#### Exercise description
All the data that follows should be repeated exactly, without a single picture.

*** Opening of Exercise material ***

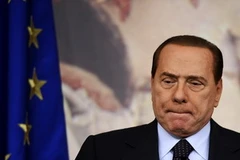 Việc Thủ tướng Italy Berlusconi phải từ chức là điều bắt buộc phải đến (Nguồn: AFP/TTXVN)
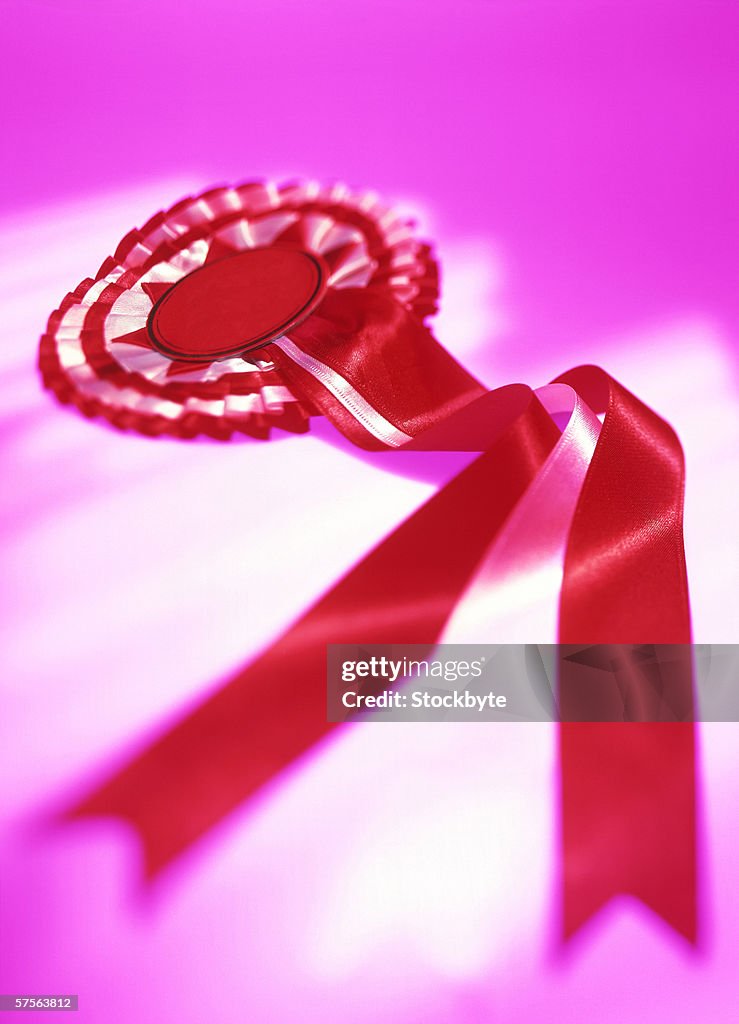 Close-up of a red award ribbon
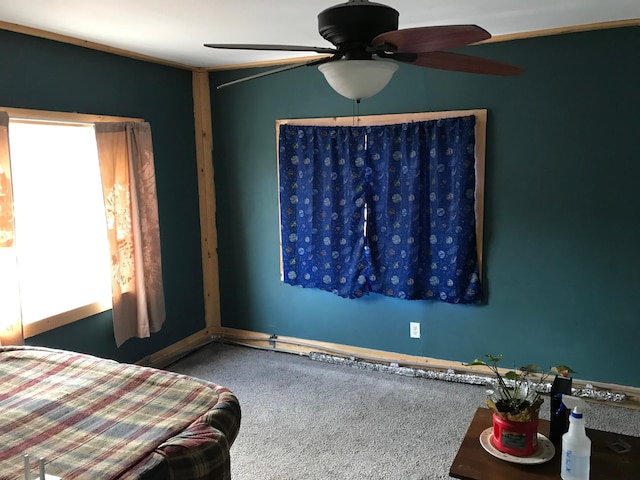 carpeted bedroom featuring a ceiling fan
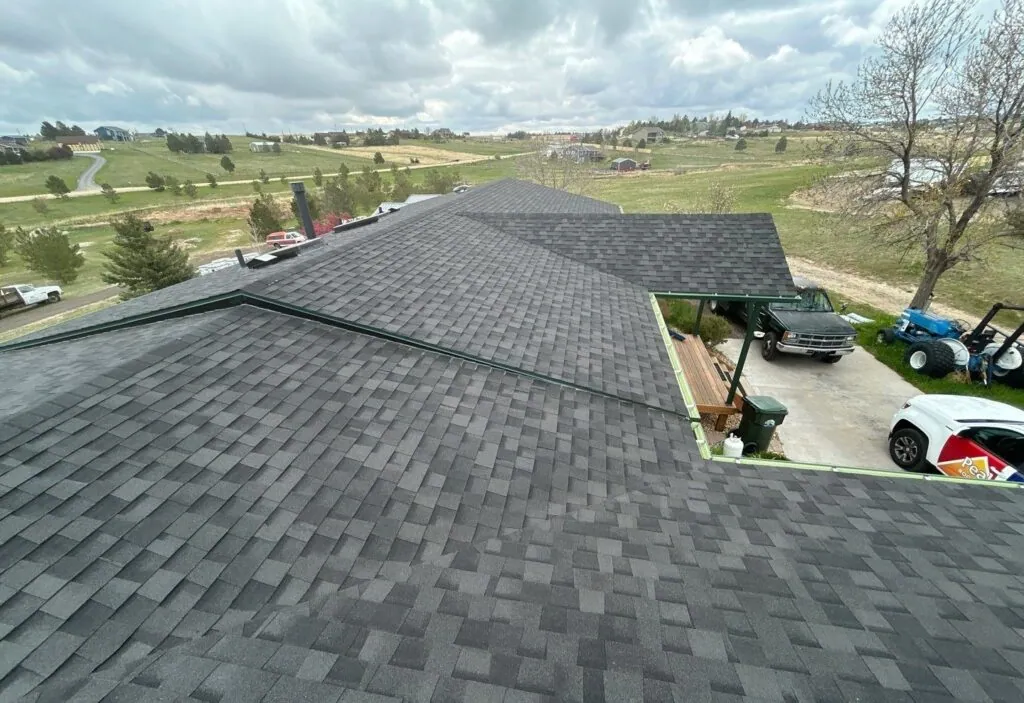 Shingle bundles staged across a Denver roof deck during replacement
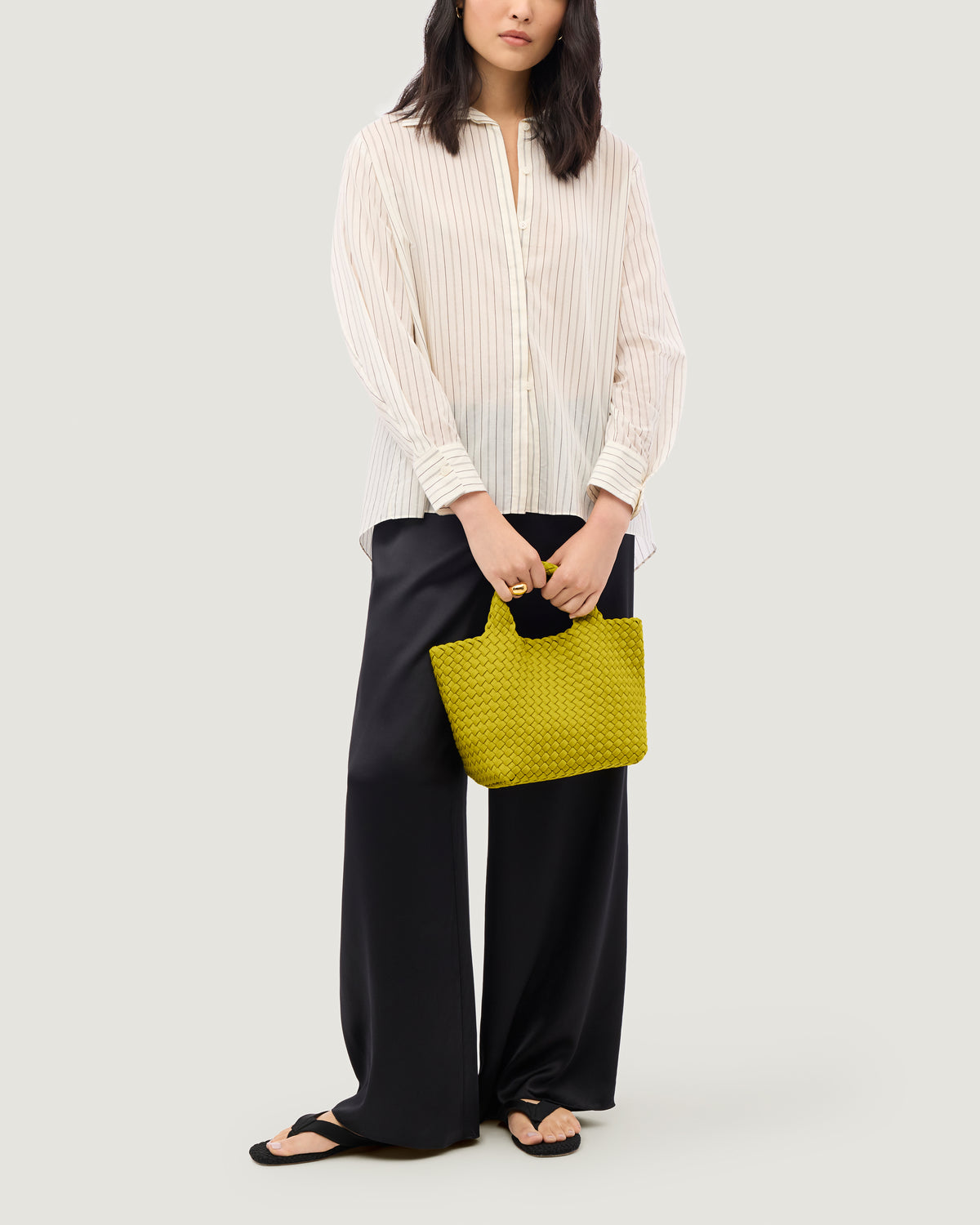 St. Barths Tote in Ochre shown on model to illustrate scale and soft silhouette.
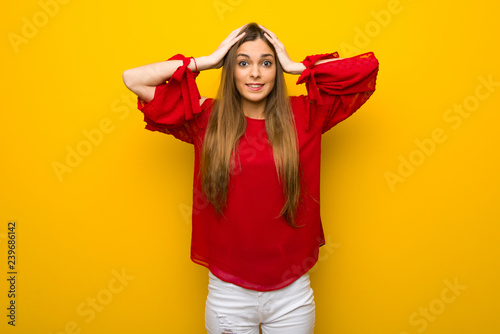 Young girl with red dress over yellow wall takes hands on head because has migraine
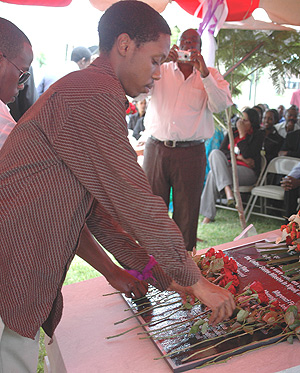 One of the children of US Embassy staff slain during the Genocide lays flowers on the remembrance monument yesterday. (Photo/ G. Barya).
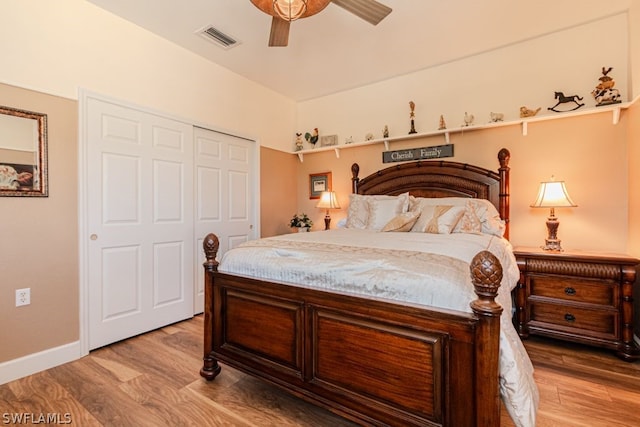 bedroom featuring vaulted ceiling, ceiling fan, a closet, and light hardwood / wood-style floors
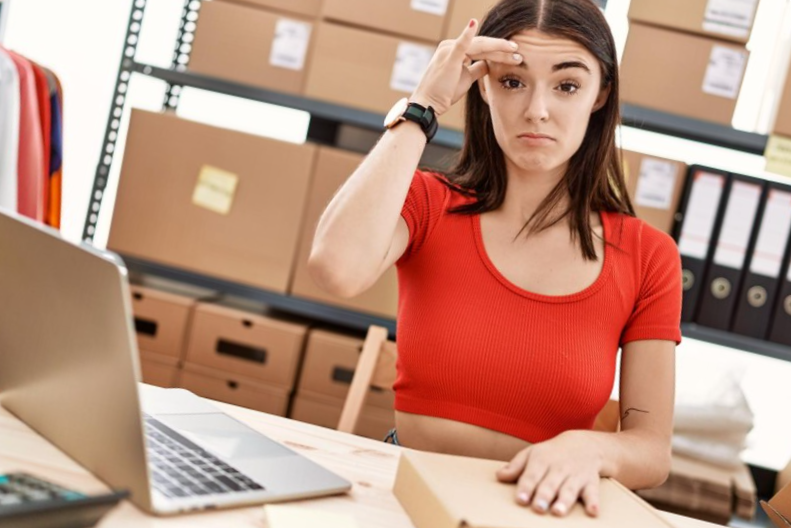 Young hispanic woman preparing order working at storehouse worried and stressed about a problem with hand on forehead nervous and anxious for crisis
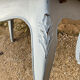 Louis XV style walnut table with a natural wood top.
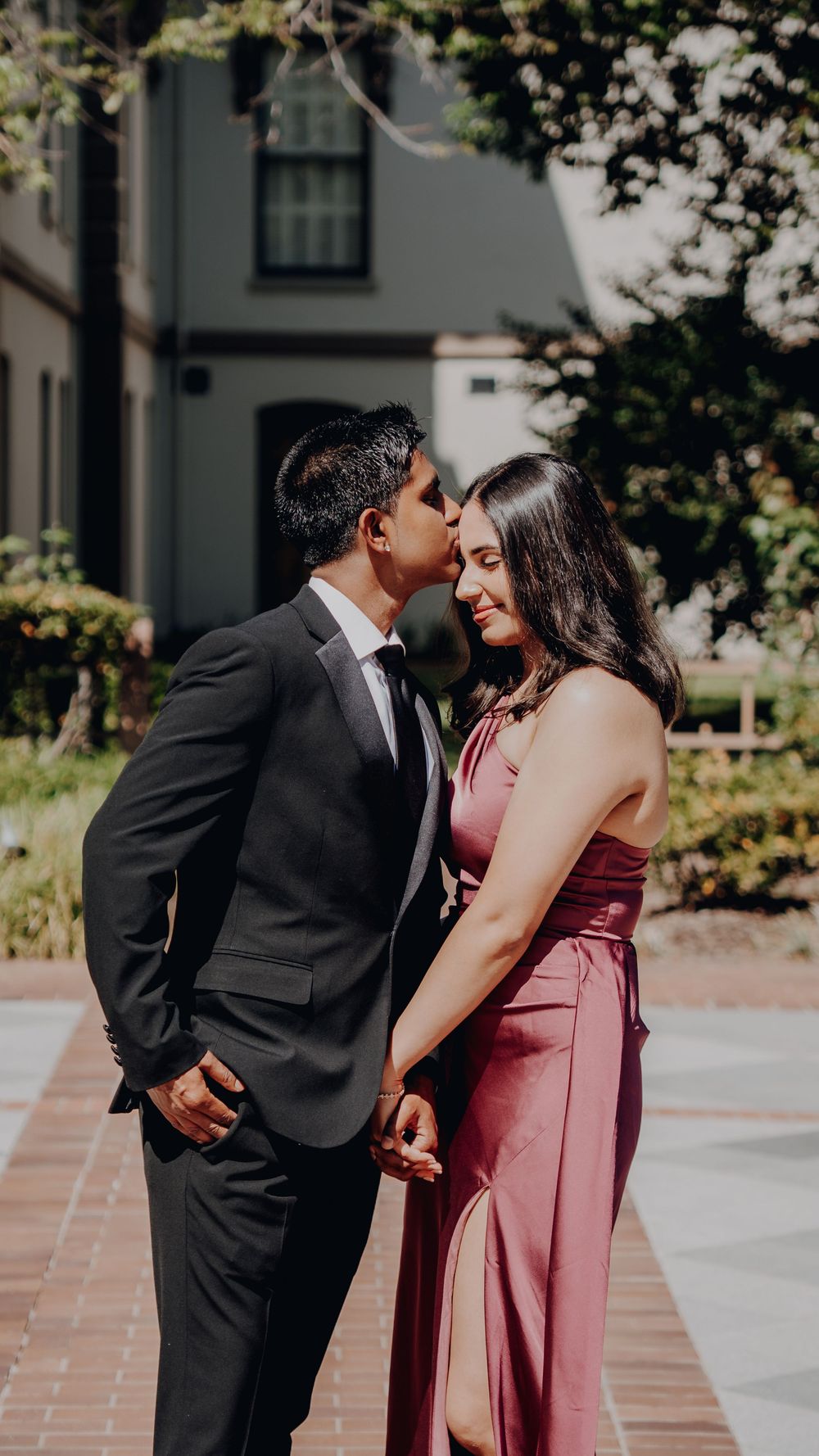 A romantic couple shares a tender moment outdoors, with the person in a dark suit leaning close to their partner in a burgundy gown.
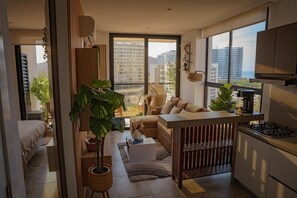 Eine moderne Wohnung mit Küche, Essbereich und Wohnzimmer. Sie verfügt über große Fenster, ein Sofa, einen Couchtisch und einen Topfpflanze.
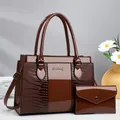 Dettaglio della borsa marrone scuro con motivo a coccodrillo, finitura lucida e logo - 31x13x23cm / Marrone
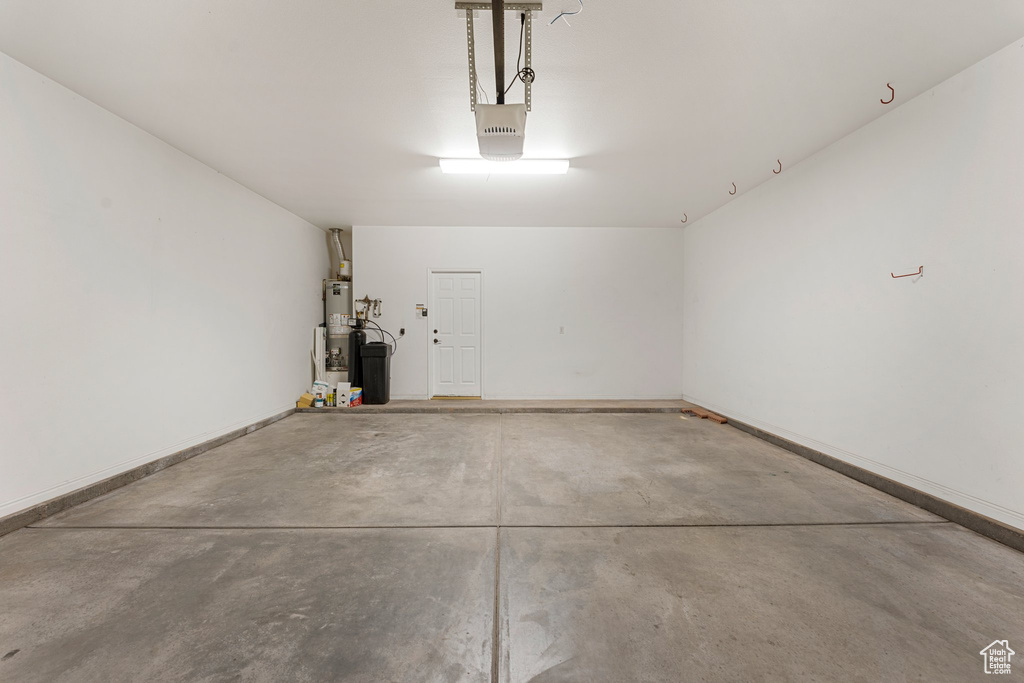 Garage featuring water heater and a garage door opener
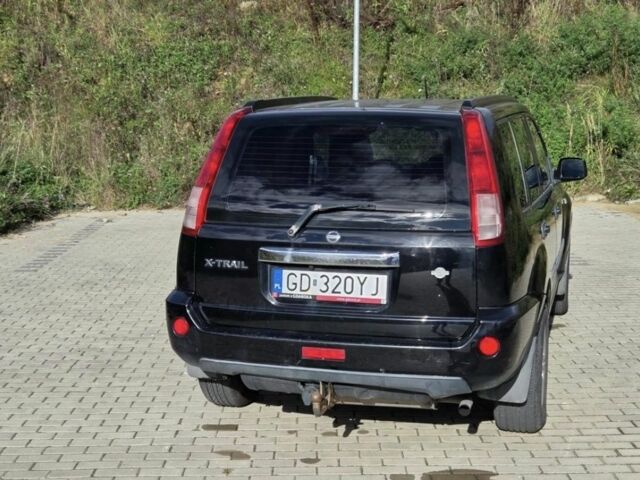 Черный Ниссан ИксТрейл, объемом двигателя 2.2 л и пробегом 220 тыс. км за 2250 $, фото 5 на Automoto.ua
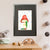A green caterpillar shelters from the rain under a vibrant red mushroom (A3 framed with black mount)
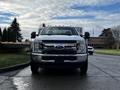 A 2017 Ford F-550 truck facing forward with a shiny chrome grille and prominent headlights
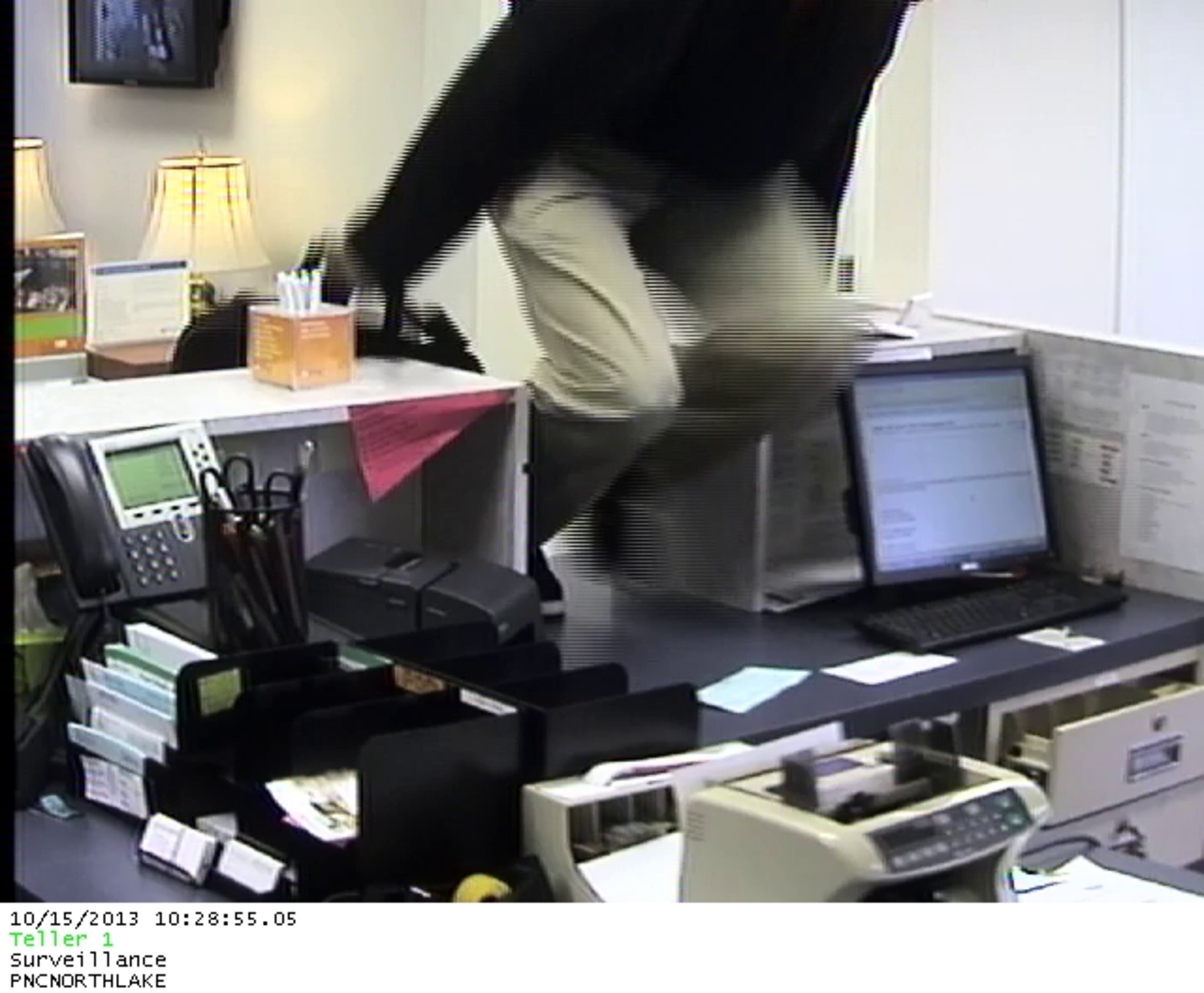 The robber is described as a black male in his late 30s to early 40s with stocky build, weighing about 200 pounds. He appears to be 5'10" to 5'11."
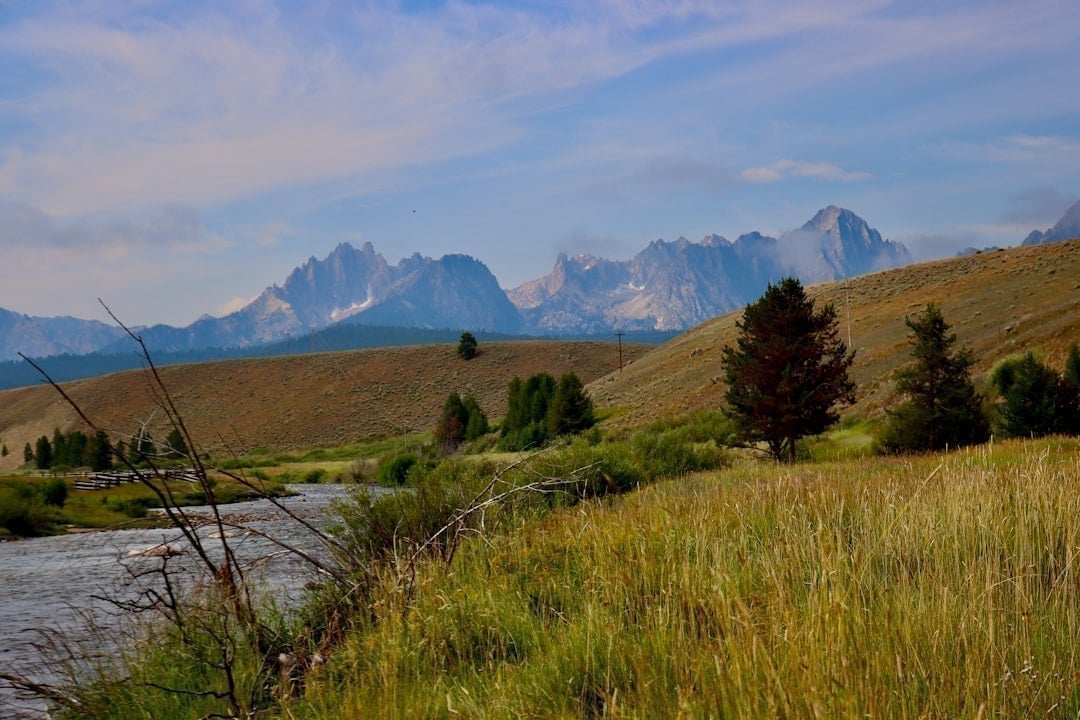 Sawtooth Range mountains rising above an Idaho river valley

*** Close of Exercise material ***

#### Exercise response
 Việc Thủ tướng Italy Berlusconi phải từ chức là điều bắt buộc phải đến (Nguồn: AFP/TTXVN)
 Close-up of a red award ribbon
 carpeted bedroom featuring a ceiling fan
 Shingle bundles staged across a Denver roof deck during replacement
 St. Barths Tote in Ochre shown on model to illustrate scale and soft silhouette.
 Young girl with red dress over yellow wall takes hands on head because has migraine
 One of the children of US Embassy staff slain during the Genocide lays flowers on the remembrance monument yesterday. (Photo/ G. Barya).
 bedroom featuring vaulted ceiling, ceiling fan, a closet, and light hardwood / wood-style floors
 Young hispanic woman preparing order working at storehouse worried and stressed about a problem with hand on forehead nervous and anxious for crisis
 Louis XV style walnut table with a natural wood top.
 A romantic couple shares a tender moment outdoors, with the person in a dark suit leaning close to their partner in a burgundy gown.
 Eine moderne Wohnung mit Küche, Essbereich und Wohnzimmer. Sie verfügt über große Fenster, ein Sofa, einen Couchtisch und einen Topfpflanze.
 Dettaglio della borsa marrone scuro con motivo a coccodrillo, finitura lucida e logo - 31x13x23cm / Marrone
 Garage featuring water heater and a garage door opener
 Черный Ниссан ИксТрейл, объемом двигателя 2.2 л и пробегом 220 тыс. км за 2250 $, фото 5 на Automoto.ua
A green caterpillar shelters from the rain under a vibrant red mushroom (A3 framed with black mount)
 A 2017 Ford F-550 truck facing forward with a shiny chrome grille and prominent headlights
 The robber is described as a black male in his late 30s to early 40s with stocky build, weighing about 200 pounds. He appears to be 5'10" to 5'11."
 Sawtooth Range mountains rising above an Idaho river valley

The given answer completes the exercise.